◆ **Exercise goal**
For the word "Titanium", state how many lines of the records include it, with no other text.

◆ **Source records**
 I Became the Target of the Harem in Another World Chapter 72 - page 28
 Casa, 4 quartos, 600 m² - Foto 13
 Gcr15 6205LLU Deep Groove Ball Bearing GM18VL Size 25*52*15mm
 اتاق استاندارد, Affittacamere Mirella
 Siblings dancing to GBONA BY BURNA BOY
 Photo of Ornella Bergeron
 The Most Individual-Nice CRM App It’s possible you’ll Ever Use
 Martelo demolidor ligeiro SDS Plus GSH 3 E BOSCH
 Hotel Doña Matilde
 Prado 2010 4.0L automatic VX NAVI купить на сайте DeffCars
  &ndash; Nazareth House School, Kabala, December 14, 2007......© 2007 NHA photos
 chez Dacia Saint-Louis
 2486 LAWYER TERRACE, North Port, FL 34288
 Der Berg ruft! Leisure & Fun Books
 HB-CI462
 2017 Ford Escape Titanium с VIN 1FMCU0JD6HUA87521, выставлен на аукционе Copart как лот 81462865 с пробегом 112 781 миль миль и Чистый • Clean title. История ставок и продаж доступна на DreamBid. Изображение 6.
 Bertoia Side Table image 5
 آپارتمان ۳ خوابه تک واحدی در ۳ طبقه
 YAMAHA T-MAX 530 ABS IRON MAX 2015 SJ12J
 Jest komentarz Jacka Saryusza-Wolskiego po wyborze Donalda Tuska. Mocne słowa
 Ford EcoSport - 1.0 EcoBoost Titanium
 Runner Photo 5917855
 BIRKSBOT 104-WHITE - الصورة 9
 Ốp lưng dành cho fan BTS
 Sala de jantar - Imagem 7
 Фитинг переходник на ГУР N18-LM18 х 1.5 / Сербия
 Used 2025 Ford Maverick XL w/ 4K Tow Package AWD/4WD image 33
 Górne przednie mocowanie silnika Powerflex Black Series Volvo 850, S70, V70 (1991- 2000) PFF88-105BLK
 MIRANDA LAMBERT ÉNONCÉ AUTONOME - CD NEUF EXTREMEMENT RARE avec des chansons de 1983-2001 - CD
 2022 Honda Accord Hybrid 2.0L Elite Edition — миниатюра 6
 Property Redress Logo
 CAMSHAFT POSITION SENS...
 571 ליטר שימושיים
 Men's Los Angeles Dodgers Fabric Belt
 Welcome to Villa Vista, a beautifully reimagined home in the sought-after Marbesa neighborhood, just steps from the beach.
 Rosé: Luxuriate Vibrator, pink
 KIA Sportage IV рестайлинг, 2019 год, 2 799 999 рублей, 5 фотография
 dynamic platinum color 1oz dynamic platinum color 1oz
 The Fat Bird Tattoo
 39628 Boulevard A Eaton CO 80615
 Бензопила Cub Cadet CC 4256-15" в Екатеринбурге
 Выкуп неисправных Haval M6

◆ **Solution below**
2